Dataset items
□ □ □ □

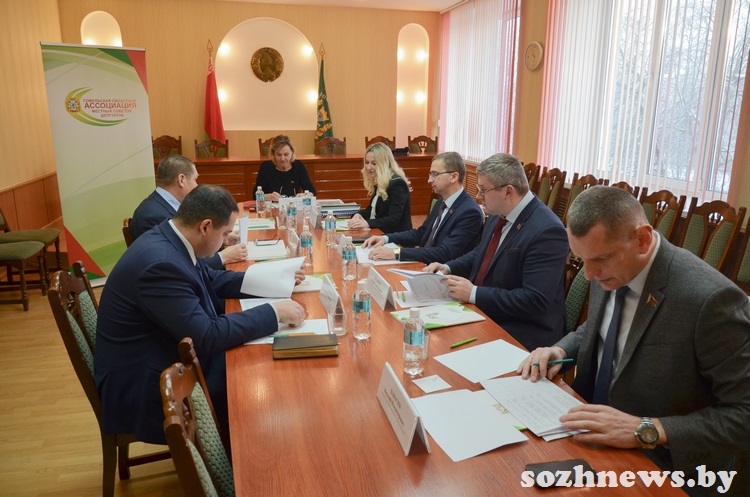 s545f4sd5f45 (2).JPG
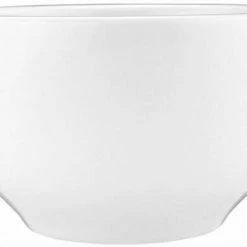 Seltmann Weiden Coffee-e-Motion Bowl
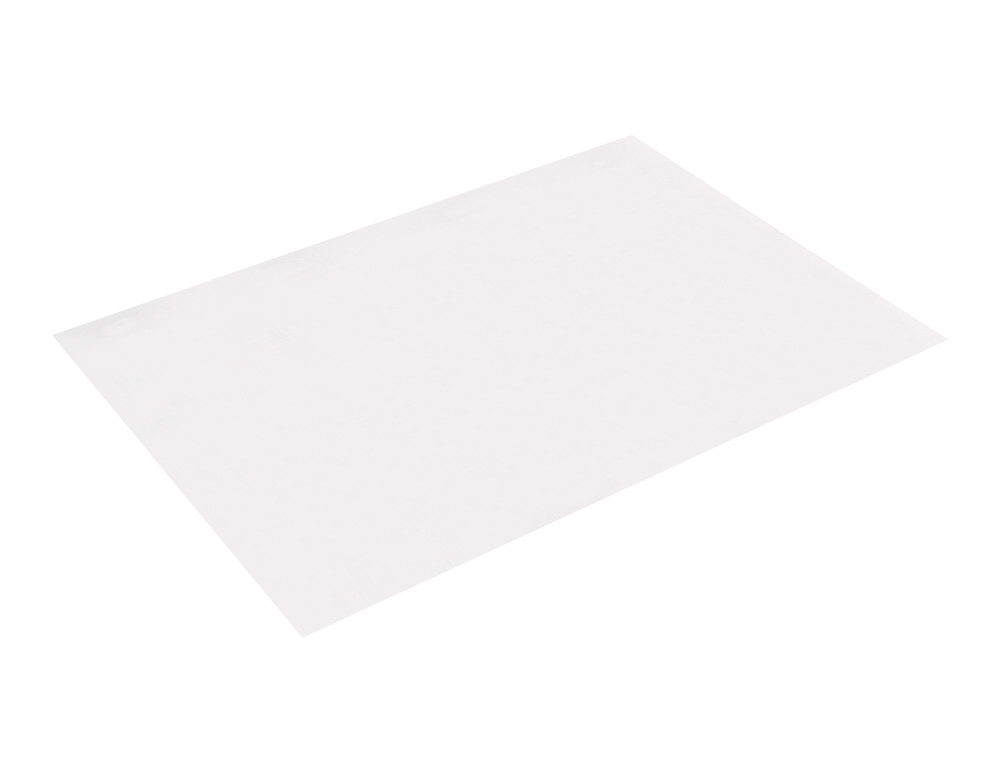 PAPEL LIDERPAPEL DIN A4 90 GR EMBALAGEM DE 100 FOLHAS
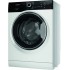 Стиральная машина Hotpoint-Ariston NSB 6039 ZS VE RU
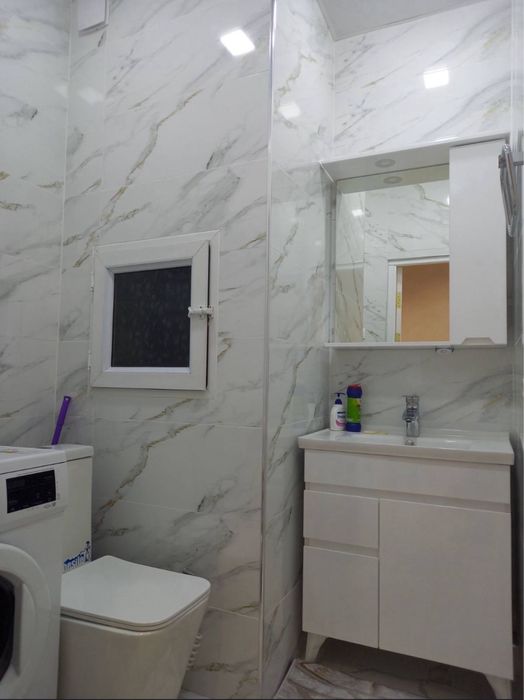 3/4/5 Карасу2 78м2 Академия МВД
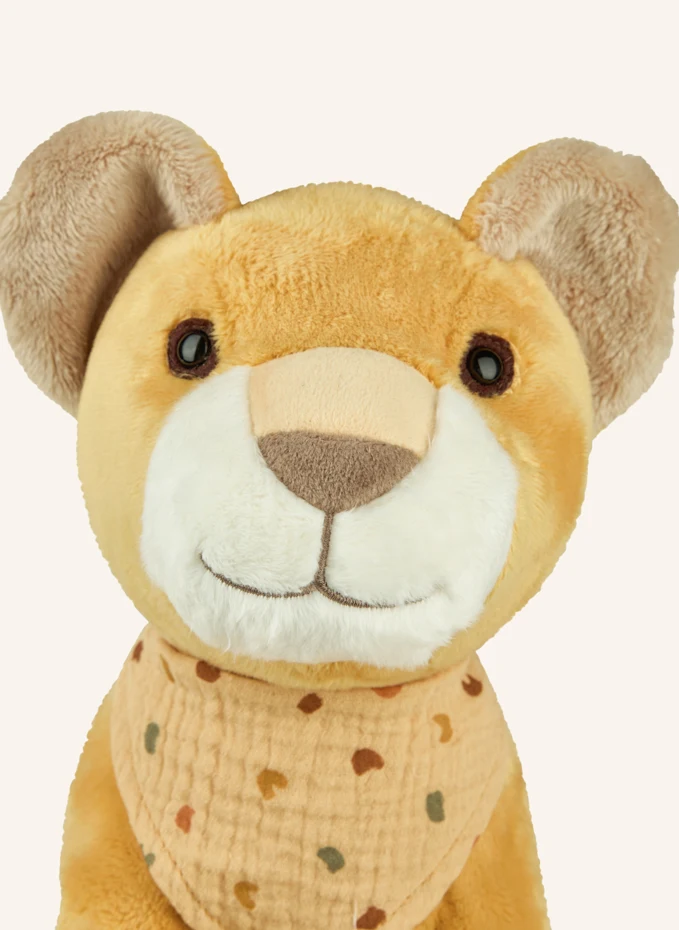 Sterntaler Sterntaler Kuscheltier XL LÖWE Leo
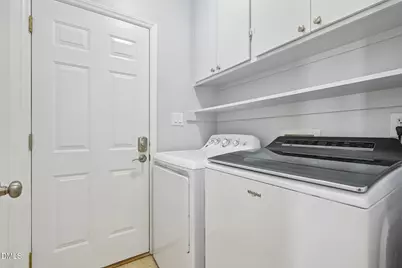 2300 Clerestory Place, Raleigh, NC 27615 - Photo 15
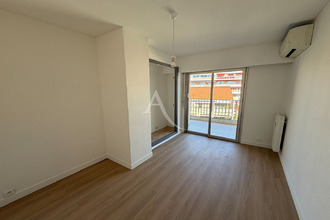  appartement nice 06000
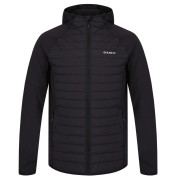 Hanorac bărbați Husky Arya M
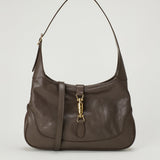 Gucci Jackie 1961 medium shoulder bag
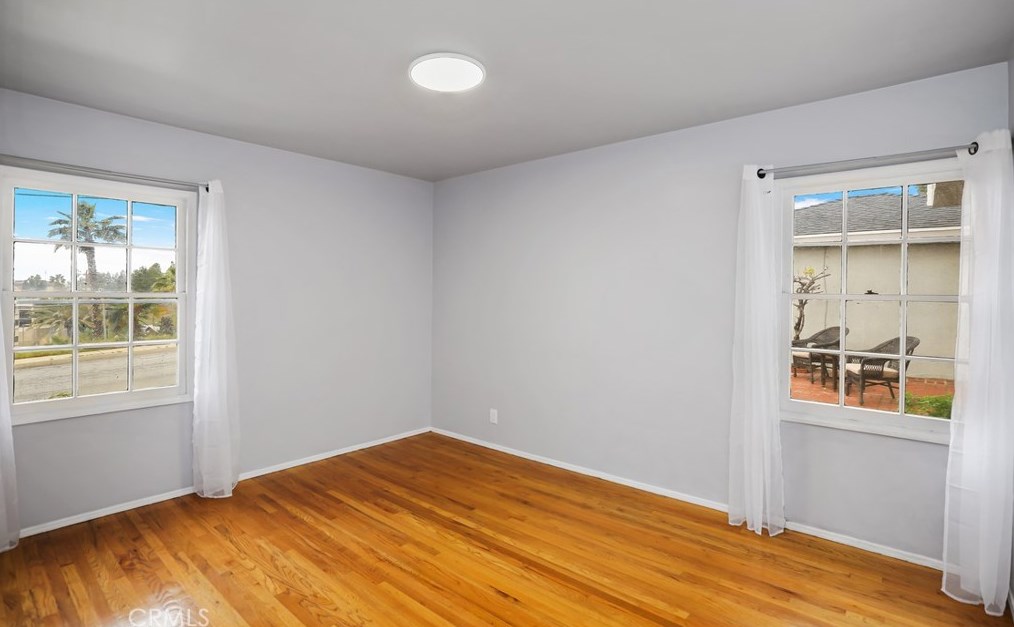 537 Almora St, Monterey Park CA  91754-6314 exterior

□ □ □ □

Exercise details:
The copy must start at the line containing "Hanorac bărbați Husky Arya M" and end at the last line of the records, matching each line exactly and holding no pictures.

Solution for this exercise:
 Hanorac bărbați Husky Arya M
 Gucci Jackie 1961 medium shoulder bag
 537 Almora St, Monterey Park CA  91754-6314 exterior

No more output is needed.